作品を持って現れたのは制服姿の笑顔がかわいい少女。

「お母さんの作品、持ってきてくれたのかな?」みんなの問いに
「いいえ、私の作品です。」ニコッと。

その場にいた私やボランティアさん、全員のテンションが一気に上がったのでした。そこからは、みんなで取り囲んで益山さんに質問攻め!!私たちは親戚のおばちゃんでしょうか笑
若い子の登場で、搬入の疲れも吹き飛んだ瞬間でした。

たくさんのお友達と一緒に会場に来た日、お母様と来場された日、そして閉会セレモニー。刺繍も会場も楽しんでくれている姿が印象的でした。

技法にこだわることなく、
アニメが好き。世界観のある刺繍をしたい。
自分の「好き」から作り出す刺繍も今の若い世代らしい刺繍との出会いなのかもしれません。

はじめて大きな作品の挑戦したり、趣味として長く楽しんできた方、そして益山さんのように若い世代も。
いろんな人が、同じ会場に作品を並べて、お互いの作品から刺激を受ける。
そんな場と、出会いによって、きっとさらに進化した作品が生まれるでしょう。「これからの作品」も楽しみです。
 

福田彩

自由に刺す。自由に描く。
好きから始まる、これからの刺繍


益山紗和

はじめての刺繍

益山さんが、いつくらいから、どんなふうにして刺繍をスタートすることになったのかを教えてください。小さい時から手仕事が好きだった?初めて刺したのはどんな刺繍だったのでしょうか?
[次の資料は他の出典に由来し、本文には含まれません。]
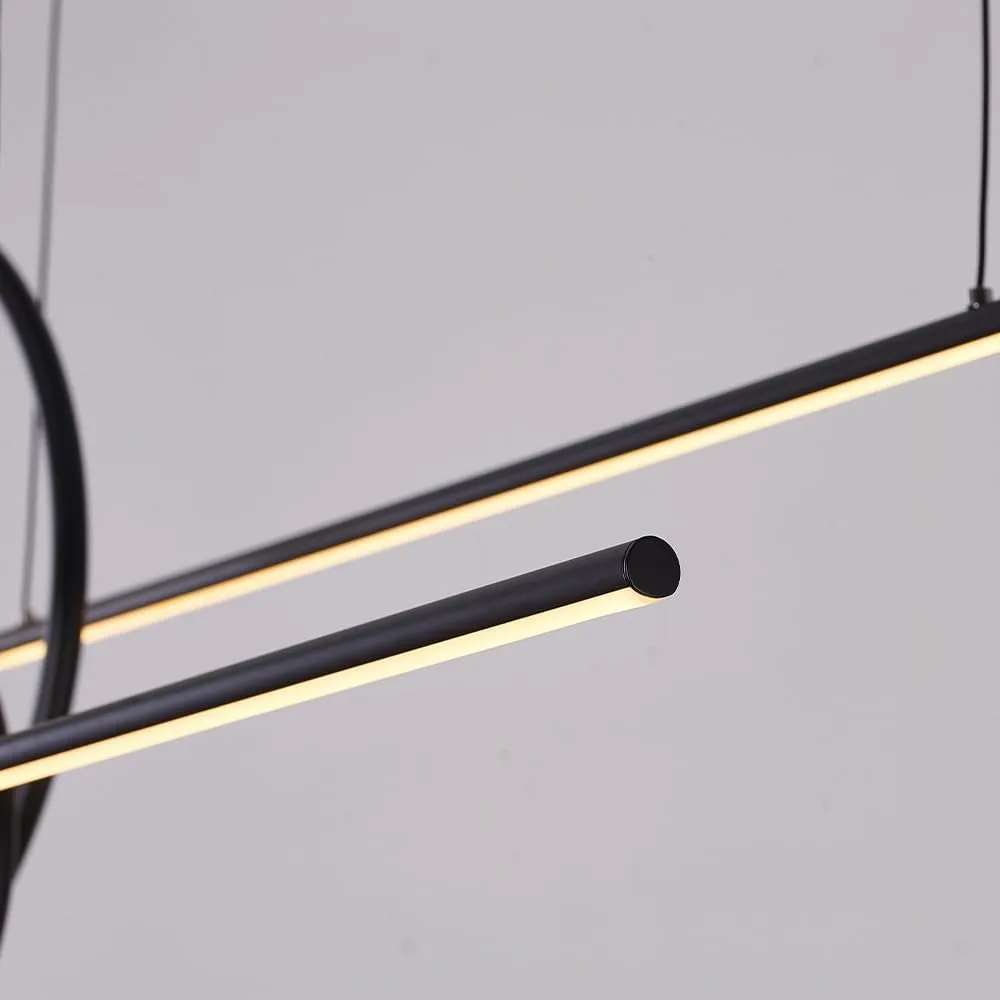 Modern Chandelier LED Light Linear Suspension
なんで刺繍を始めたのかと聞かれるとこれといったきっかけはないのですが、いろいろなジャンルのものづくりに触れてきた流れで挑戦したということが一番です。

私は保育園生のころから手を使って編むマフラーを作ったり、段ボールや新聞紙を使って秘密基地や小物を作るなど、手仕事が好きでしたが、はじめて刺繍をしたのは中学1年生だったと思います。
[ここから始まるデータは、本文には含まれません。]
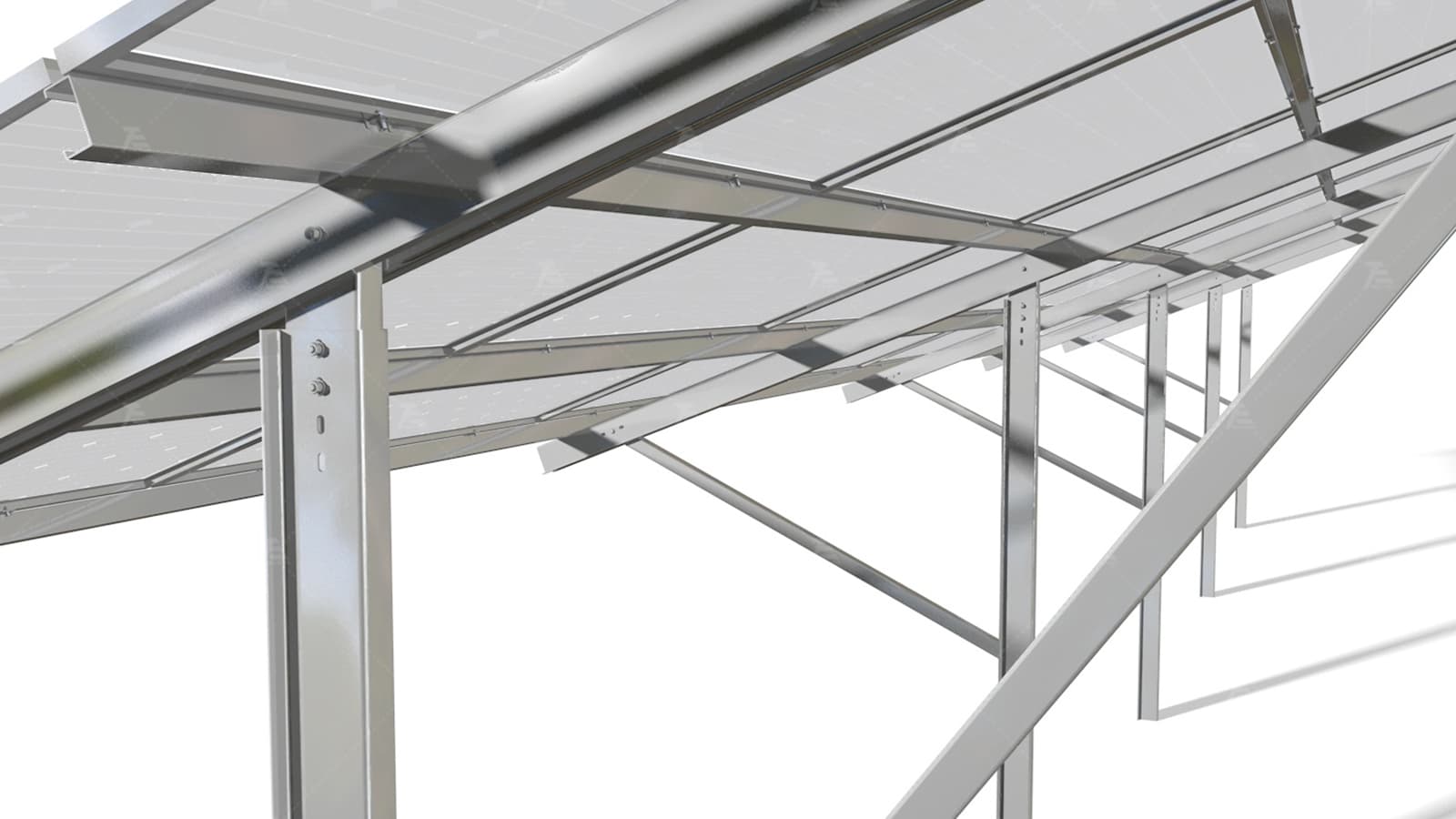 Pole Ground Solar Mounting System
そのときは布にミモザの刺しゅうをしてポーチを作ってプレゼントしました。このポーチは今でも母が大事に使ってくれています。

会場でお母様とお話をした際に記念すべき作品1号のポーチを見せてもらいました。
お母様のバンブー持ち手のバッグもなんと益山さんの手作り!!




 

刺繍と生活

普段どんな刺繍をしていますか?

普段はアニメのキャラクターや描写の刺繍をしています。
ジャンルで言ったらフランス刺繍なのだと思うのですが、そういったことはあまり気にしたことがありませんでした。
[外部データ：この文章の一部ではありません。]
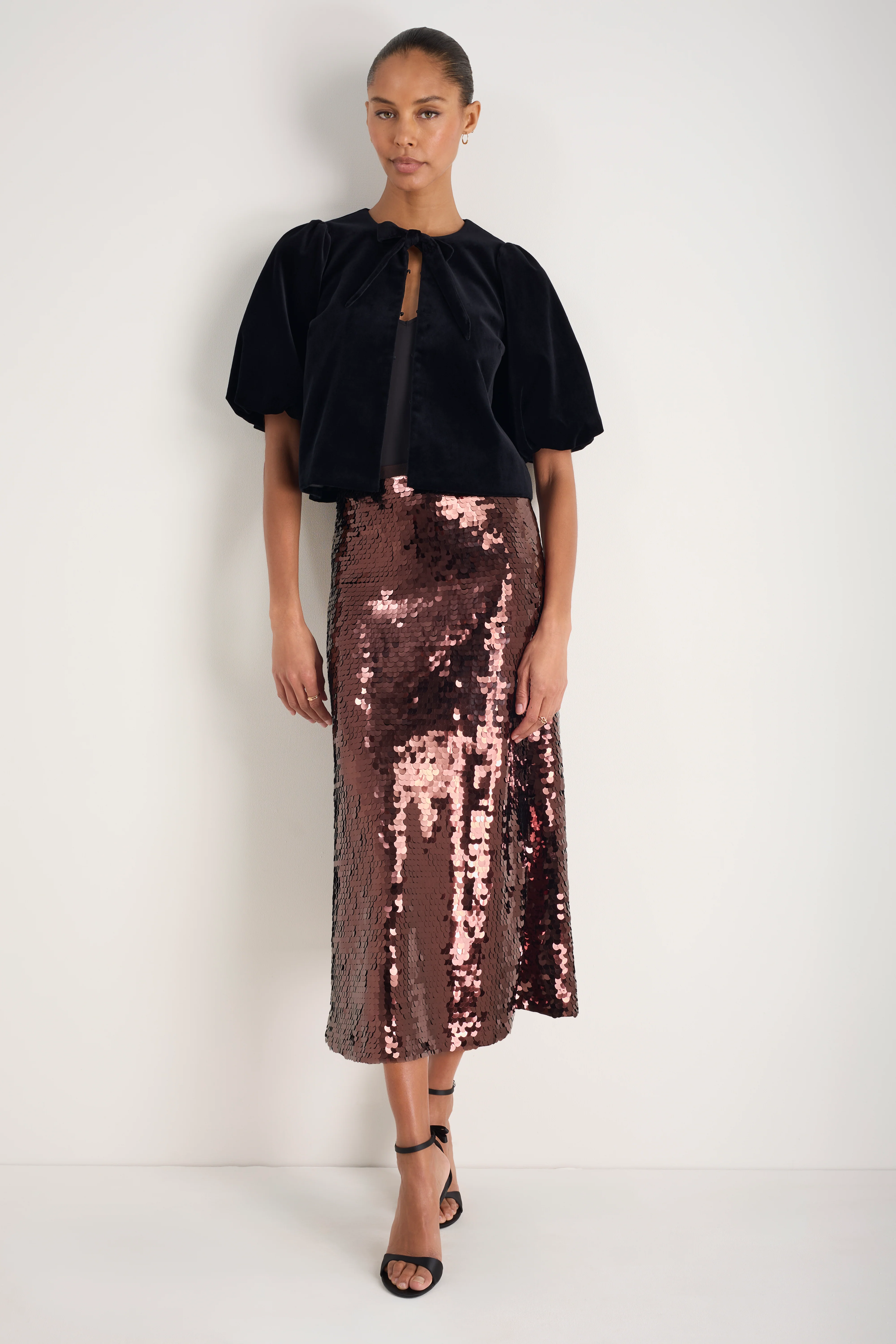 Coral Top - Black Velvet - Image 5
以前は動画を見ながら小物を作って知り合いにプレゼントをしていたのですが、プレゼントする相手も物もネタ切れになってしまったことに加え、部活動が忙しくなってしまい一度は刺繍をやめてしまいました。

高校生になり忙しくない部活に入った時に、SNSでアニメのキャラクターを刺繍している動画を見たことをきっかけにそういった刺繍を始めました。

 

制作スタイルやこだわりがありましたら教えてください

こだわりというほどではないかもしれませんが、強いて言うならば色は絶対に納得がいくまで悩んでいます。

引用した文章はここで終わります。